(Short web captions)

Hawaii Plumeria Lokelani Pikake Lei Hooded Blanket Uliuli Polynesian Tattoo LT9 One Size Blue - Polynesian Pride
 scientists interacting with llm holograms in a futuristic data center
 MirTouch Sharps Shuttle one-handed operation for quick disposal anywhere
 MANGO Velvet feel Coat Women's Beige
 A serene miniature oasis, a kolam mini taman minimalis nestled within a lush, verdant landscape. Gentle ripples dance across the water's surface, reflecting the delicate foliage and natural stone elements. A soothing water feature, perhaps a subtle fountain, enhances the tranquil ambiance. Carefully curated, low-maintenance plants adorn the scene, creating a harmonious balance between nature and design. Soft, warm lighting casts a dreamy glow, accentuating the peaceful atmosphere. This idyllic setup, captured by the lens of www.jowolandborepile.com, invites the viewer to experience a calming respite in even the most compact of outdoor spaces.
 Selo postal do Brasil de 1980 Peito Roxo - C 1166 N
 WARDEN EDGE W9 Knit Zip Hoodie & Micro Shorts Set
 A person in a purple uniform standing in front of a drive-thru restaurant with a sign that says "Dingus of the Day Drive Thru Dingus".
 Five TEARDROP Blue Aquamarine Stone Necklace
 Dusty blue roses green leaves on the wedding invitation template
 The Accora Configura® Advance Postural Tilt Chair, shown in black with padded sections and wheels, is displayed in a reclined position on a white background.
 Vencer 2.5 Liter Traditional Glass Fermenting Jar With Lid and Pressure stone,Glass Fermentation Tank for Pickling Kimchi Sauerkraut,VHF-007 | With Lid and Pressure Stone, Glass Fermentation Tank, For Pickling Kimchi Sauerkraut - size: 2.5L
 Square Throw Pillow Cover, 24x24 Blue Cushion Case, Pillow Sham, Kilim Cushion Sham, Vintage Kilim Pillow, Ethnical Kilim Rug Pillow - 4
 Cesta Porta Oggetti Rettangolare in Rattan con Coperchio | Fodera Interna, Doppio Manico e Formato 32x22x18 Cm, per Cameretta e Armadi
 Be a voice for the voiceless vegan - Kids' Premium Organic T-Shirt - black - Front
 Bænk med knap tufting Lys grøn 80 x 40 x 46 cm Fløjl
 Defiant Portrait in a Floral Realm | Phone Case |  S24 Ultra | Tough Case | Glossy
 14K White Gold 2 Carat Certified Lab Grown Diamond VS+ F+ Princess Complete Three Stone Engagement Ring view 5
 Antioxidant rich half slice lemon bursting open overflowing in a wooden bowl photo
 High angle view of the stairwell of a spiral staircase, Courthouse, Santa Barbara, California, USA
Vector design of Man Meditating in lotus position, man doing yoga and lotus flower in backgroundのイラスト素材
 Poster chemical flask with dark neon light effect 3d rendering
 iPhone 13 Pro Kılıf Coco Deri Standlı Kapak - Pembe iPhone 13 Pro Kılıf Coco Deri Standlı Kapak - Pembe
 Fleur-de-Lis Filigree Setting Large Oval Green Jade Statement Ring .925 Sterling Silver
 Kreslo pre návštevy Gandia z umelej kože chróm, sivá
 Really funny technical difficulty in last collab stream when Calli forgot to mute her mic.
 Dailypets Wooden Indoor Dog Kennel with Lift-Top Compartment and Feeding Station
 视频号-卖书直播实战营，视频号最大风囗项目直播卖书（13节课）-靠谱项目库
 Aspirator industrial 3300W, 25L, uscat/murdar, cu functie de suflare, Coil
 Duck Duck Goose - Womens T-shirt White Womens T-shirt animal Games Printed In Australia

*TASK GOAL*:
With the line containing "Kreslo pre návštevy" as the first and the final line of the entries above as the last, write out that span exactly and nothing more.

*EXERCISE RESPONSE*:
 Kreslo pre návštevy Gandia z umelej kože chróm, sivá
 Really funny technical difficulty in last collab stream when Calli forgot to mute her mic.
 Dailypets Wooden Indoor Dog Kennel with Lift-Top Compartment and Feeding Station
 视频号-卖书直播实战营，视频号最大风囗项目直播卖书（13节课）-靠谱项目库
 Aspirator industrial 3300W, 25L, uscat/murdar, cu functie de suflare, Coil
 Duck Duck Goose - Womens T-shirt White Womens T-shirt animal Games Printed In Australia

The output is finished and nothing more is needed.